Yesterday afternoon, I started getting a lot of activity from one IP address. Although the user agent identified it as a web browser, it acted like a robot. It requested lots of files that were disconnected enough that it couldn’t be a user navigating through the site, and at a speed that couldn’t be a person. This really bugged me, so I looked up the address (part of what I do at work is run a server that contains information about IP addresses) and it was a company called “Cyveillance”, based in Arlnginton, VA. That’s a spooky name, and a spooky town, so I looked into it a little more. They sell some sort of internet data monitoring tool. Now, they are running a robot that doesn’t identify itself as such (presumably to hide from people the fact that they are doing so.) It violates the rules of robot etiquette, one by not ever requesting the robots.txt file to find out what to stay away from (presumably to hide the fact that this is a robot and because they don’t care what you say to not read) and two, by requesting a large number of documents in a very short time period. There was a strech of 5 minutes where it requested 35 documents.
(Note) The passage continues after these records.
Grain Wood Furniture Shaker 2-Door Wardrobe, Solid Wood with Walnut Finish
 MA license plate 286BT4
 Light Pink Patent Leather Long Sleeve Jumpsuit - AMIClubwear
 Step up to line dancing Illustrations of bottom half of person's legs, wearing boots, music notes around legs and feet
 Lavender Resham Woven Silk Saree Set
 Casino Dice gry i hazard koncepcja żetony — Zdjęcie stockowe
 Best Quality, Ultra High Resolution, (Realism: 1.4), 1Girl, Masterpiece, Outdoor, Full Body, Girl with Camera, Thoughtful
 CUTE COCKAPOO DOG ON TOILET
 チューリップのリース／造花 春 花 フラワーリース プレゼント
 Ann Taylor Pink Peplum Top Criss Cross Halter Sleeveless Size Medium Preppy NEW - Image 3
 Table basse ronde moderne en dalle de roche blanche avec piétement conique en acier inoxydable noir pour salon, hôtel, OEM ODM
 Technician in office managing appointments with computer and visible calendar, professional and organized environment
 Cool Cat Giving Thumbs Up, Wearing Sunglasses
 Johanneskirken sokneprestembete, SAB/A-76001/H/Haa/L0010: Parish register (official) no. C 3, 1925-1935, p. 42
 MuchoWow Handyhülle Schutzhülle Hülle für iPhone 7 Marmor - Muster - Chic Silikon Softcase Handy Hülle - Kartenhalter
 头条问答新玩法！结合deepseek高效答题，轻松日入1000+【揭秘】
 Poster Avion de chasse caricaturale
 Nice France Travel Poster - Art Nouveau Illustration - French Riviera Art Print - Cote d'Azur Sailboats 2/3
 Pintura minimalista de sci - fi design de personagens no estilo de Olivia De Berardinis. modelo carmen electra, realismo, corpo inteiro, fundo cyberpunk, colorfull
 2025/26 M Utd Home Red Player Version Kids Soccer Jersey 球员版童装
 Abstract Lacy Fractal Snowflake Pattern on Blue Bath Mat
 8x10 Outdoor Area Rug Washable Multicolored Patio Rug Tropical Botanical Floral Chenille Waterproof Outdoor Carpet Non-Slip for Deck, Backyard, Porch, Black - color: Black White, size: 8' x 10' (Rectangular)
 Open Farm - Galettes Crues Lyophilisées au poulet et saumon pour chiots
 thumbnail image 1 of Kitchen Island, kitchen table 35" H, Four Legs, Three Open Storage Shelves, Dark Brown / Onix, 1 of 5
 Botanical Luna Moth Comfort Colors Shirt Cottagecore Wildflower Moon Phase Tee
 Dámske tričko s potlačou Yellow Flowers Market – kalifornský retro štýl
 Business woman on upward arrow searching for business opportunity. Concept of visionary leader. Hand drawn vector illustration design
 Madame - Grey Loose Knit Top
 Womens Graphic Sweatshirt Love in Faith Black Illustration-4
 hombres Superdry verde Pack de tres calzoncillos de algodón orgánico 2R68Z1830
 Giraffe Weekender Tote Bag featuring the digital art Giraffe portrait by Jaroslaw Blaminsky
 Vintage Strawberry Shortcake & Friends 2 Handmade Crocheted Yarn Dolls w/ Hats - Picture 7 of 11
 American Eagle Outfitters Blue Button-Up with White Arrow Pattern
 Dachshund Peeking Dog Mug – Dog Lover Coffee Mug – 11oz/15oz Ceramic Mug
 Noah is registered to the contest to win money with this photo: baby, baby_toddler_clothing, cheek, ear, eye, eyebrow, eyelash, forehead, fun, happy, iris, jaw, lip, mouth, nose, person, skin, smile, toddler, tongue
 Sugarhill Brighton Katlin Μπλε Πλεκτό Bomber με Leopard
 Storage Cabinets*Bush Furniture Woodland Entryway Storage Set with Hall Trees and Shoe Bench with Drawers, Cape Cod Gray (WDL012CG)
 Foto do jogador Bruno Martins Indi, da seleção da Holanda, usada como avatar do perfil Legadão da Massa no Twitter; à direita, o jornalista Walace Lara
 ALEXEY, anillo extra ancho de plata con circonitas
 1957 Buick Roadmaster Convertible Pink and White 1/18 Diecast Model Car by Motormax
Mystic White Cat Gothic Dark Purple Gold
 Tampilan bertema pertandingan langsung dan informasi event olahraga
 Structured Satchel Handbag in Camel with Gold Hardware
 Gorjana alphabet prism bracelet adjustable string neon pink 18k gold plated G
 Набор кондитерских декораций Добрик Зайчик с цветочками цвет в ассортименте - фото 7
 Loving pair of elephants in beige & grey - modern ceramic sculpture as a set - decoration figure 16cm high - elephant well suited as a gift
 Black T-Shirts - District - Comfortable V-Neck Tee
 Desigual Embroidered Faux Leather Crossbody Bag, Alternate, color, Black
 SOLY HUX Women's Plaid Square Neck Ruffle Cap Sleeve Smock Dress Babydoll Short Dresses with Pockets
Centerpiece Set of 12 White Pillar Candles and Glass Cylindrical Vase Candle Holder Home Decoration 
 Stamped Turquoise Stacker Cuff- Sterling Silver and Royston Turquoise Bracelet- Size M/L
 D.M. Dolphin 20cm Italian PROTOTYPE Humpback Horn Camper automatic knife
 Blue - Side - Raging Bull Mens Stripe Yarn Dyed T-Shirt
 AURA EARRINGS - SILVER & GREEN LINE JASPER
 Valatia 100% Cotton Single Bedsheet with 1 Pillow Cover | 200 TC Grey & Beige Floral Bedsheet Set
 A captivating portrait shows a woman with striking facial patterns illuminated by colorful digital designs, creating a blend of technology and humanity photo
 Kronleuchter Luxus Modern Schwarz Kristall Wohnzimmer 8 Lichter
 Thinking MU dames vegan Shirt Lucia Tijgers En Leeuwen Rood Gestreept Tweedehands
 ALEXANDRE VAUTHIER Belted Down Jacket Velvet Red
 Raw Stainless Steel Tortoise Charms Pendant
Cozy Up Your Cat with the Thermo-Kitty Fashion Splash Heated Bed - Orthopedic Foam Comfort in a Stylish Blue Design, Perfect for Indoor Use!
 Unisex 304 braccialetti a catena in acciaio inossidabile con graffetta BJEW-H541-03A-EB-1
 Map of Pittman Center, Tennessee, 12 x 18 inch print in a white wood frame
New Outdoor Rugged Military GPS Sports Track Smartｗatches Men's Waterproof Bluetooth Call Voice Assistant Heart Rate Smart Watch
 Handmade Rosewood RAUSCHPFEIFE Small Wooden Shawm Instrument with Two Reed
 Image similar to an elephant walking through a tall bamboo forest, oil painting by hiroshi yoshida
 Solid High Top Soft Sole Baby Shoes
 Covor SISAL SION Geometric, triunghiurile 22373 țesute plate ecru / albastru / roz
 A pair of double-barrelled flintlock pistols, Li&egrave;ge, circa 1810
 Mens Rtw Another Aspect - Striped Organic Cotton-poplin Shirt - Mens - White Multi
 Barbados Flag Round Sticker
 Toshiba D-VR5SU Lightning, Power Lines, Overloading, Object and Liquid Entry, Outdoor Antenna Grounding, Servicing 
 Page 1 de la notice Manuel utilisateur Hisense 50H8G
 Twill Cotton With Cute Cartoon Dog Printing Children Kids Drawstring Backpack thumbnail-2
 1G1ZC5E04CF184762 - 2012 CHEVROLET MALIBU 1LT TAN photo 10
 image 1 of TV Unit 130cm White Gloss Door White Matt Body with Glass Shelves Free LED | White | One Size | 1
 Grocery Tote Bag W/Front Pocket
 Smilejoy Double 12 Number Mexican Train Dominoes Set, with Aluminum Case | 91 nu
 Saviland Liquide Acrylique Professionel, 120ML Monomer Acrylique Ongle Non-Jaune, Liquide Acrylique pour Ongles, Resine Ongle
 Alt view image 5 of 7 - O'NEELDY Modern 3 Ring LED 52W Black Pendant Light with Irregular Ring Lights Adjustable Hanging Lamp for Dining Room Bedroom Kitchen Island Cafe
This ain’t cool.
My first inclination was to e-mail them and complain, but my second thought was “fuck them.” So, what I did instead was to add this line to my .htaccess file for both the main directory and my cgi-bin:
Deny from 18.104.22.168/27
If you don’t want these guys’ poorly behaved robot hammering your servers, you might want to consider similar actions. I suppose that it is possible that rather than a robot, it was a pool of different people swarming my site in a coordinated fashion, but probably not and regardless, it’s odd and creepy.